Also, if I sv_2mortal(ST(0)); before returning ST(0) I get the "Attempt to free unreferenced scalar" warning again.

XSPP (I know your using something different), if you make a XS func with SV * as the return type, rather than void and PPCODE:, XSPP will throw in a sv_2mortal secretly on the "return" SV *. I always put " XSOPT => ' -nolinenumbers '," in my makefile.pl since the #line preprocessor that XSPP puts in drive my C debugger mad.

I'm not sure if the count check makes sense

Yes, it's something I've just copied verbatim from the perlcall examples, without any appreciation of it's siginificance. The error message is "Big trouble", which would be a very appropriate message if G_SCALAR is supposed to force the count as you say ;-)
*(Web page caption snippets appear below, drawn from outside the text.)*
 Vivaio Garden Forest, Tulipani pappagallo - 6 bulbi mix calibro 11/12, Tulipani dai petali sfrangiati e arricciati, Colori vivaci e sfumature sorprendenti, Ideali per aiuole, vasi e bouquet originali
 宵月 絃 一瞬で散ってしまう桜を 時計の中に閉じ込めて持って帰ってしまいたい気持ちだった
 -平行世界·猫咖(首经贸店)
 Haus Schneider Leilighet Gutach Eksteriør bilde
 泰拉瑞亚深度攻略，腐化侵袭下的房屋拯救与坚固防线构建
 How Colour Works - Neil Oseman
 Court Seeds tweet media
I reread the perl source code, egh, the count check makes sense, see perl.c#l2736 in perl.git and pp_hot.c#l2776 in perl.git, sometimes perl fixes up the stack, often it doesn't, I guess from reading the code. If adder() is something you wrote and control, put the count check in a assert, the runtime overhead isn't worth it. PL_sv_count tip is great. I never knew that before. I also think (its been a while since the first and last time I did it), if you leave out the PUSHMARK, the callee will inherit your XSUB's stack/@_, sometimes its what you want. I generally keep the SAVE/FREETMPS out, I know the caller/entersub will clean up the mortals for me normally. By batching more mortals together for freeing, I will presume its faster than 2 separate SV freeing sessions because of CPU caching. Of course follow the event loop warning in perlcall. The ax fixup I can't comment on.